Es scheint seltsam, dieses im Deutschland diskursbeflissener Poptheoretiker herrschende interpretatorische Desinteresse an jener Musik, die längst nicht mehr viel mit dem kleinen weißen Mann und seinem Blues zu tun haben muß, vor allem nicht mit einem sich unendlich im Kreise drehenden. Vielleicht hält sich dieses Desinteresse aus Gründen derselben zirkelhaften Arroganz, die die Populärkultur der unteren Schichten, sei es nun Country oder Folk, immer gern ausschloß oder allenfalls als camp-tauglich bewertete. Vielleicht ist es aber auch nur Unwissen, das annimmt, hier geschehe nichts mehr. Ignoranz muß bestraft werden, müssen auch Management und Plattenfirmen denken: Sie schicken ihre Country-Stars, wenn überhaupt nach Deutschland, beharrlich auf die Route Frankfurt–Heidelberg, kaum aber nach Berlin.

Wer einmal seinen Fuß in den Wild Horse Saloon von Nashville, Tennessee, gesetzt hat, weiß, was er bis dato verpaßt hat: Der Sänger ist begabt, 22 Jahre alt (so sagt er) und eine so neue Berühmtheit, daß ihn noch kein Artist Roster verzeichnet. Er heißt John Billy Soundso und dankt Gott, seinen Eltern und seiner jungen Ehefrau. Das Publikum kennt Teenager, Twens, Greise, Kinder, Schwarze und Weiße. Country ist eine Welt, zu der heute jeder Zutritt haben kann, der es will, und – Country ist eine Angelegenheit für Körper: für Line Dancer, Square Dancer und Solotänzer.

Auch Elvis war ein Cowboy

Die Normen für Physis und Outfit sind überraschend fließend. Klar, Cowboy-Boots bei den Herren und rote oder weiße Fransenstiefelchen bei den Damen bleiben die Dauerbrenner, aber sie sind auch teuer. Die Mehrzahl der Tanzenden trägt deswegen einfach Jeans und Turnschuhe. Country scheint heute eine demokratische Angelegenheit. „Keep your chin up and your skirt down“ war Patsy Clines berufliche Devise. Einmal wurde die Frau aus Virginia von ihrem Produzenten Owen Bradley als die „meanest bitch“ beschimpft, die er je getroffen habe. Doch Patsy Cline hat, neben Kitty Wells und Maybelle Carter, mehr als andere dafür getan, daß Frauen im Country heute mehr als in anderen Musikgenres Erfolg haben und viel Geld verdienen.

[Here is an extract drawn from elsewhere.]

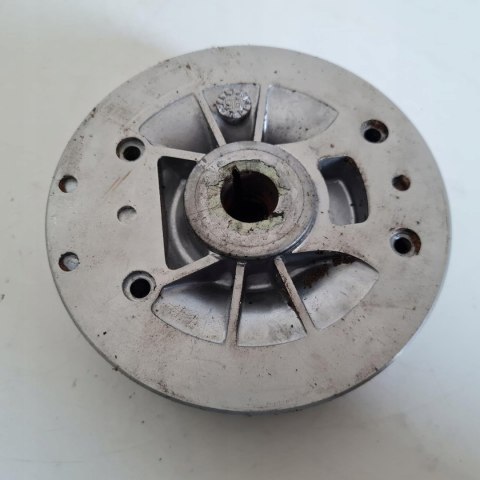 MCCULLOCH PROMAC 54 MAGNETO KOŁO MAGNESOWE MCCULLOCH PROMAC 54 MAGNETO KOŁO MAGNESOWE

Ohne Patsy Cline wäre Dolly Parton heute nicht das, was sie ist – eine der mächtigsten Frauen des Entertainments. Elvis Presley war ein Cowboy, und auch Jerry Lee Lewis wurde einer nach dem Skandal (um seine Ehe mit einer Minderjährigen), der seine Rockabilly- Karriere mehr oder weniger beendete. K.D. Lang setzt gern mal den Cowboyhut auf, von Bob Dylan („Nashville Skyline“ und mehr) ganz zu schweigen. Auf den Roots gründen sich objektive und verschiedenste subjektive Landschaften, auch Songs genannt – tasächlich unbegrenzte Möglichkeiten. Tradition, Pop, Rock und Retro- Kultur – komplizierte Fälle wie der LeAnn Rimes' und simplere wie der einer Band wie den Mavericks zeigen das – leben im Country, unter anderem.

Country, behaupten wir, ist was ganz Modernes. Was im deutschen Jugendkulturisten wehrt sich dagegen?